For me, what’s core within that is the empowerment that SVARA has really shaped in me. I remember the first time Benay put a masechet in my hands and said, “This is yours. The tradition is in your hands.” I feel like the work we do at SVARA is to demystify the process of learning, to take away the shame and hierarchies of knowledge and language that historically define how we transmit our tradition. At SVARA, we celebrate people for not knowing. We celebrate people for being brave enough to try and pick up the masechet, and reach for it. I think that the gazelle, chadesh yameinu kekedeem, the image of Sankofa, all of this is encapsulated in the idea of traditionally radical learning. This kind of learning can lead us to a totally unknown place that can be a real resource to us. It’s a real tool, to be able to hold the future and the past in one breath. I think that’s embedded in your story, Koach. When we’re lost, when we’re free-falling, when we’re living in late stage capitalism and honestly don’t understand how to imagine what’s coming next, what do we do? We learn. In times of uncertainty, let’s get grounded and anchored in what our ancestors did, and then? Dot dot dot. Ellipses. We don’t need to know the end of that sentence. Our learning will guide us if we look forward and reach back at the same time. I’m so grateful for that. It’s part of our deep, buried, and transmittable super powers in Jewish tradition.

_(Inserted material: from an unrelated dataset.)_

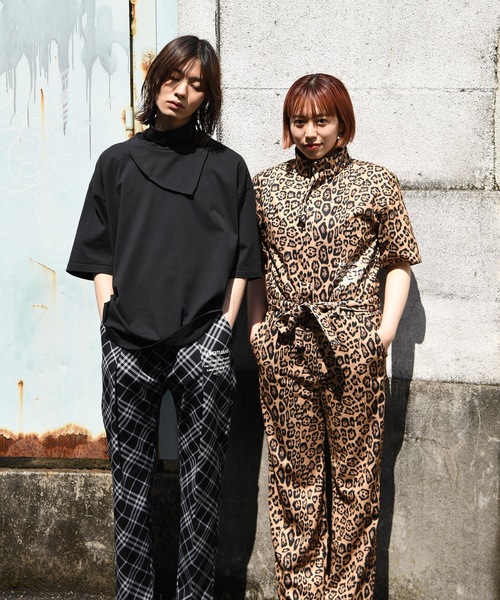 SUPERTHANKS（スーパーサンクス）の「タートルネックオーバーサイズビッグシルエットTシャツ(ユニセックス)（Tシャツ/カットソー・メンズ・ホワイト/ブラック/モカ・L/S/M）」の22枚目の写真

Rabbi Elliot Kukla: I am loving this discussion of how to remain connected to each other and the tradition, to the past and the future. I am thinking about disability justice and all of the people that I’ve had the privilege of being with at the end of their life. What I have received from both of those streams is that in times of a lot of loss, sometimes when we crash, we don’t rebuild right away. Sometimes the looking back is not immediately connected to a looking forward. Sometimes that uncertainty stays uncertain. To reference Benay’s wonderful CRASH theory, we don’t always go to an option 2 or 3 immediately. Sometimes you stay in the rubble. There’s something extremely generative about that. That’s something I’ve learned from People of Color-led disability justice movements, and people who are living with multiple marginalization. I’ve learned how generative it can be to stay with the moment of crash. To not try to make sense too soon out of unbelievable amounts of loss.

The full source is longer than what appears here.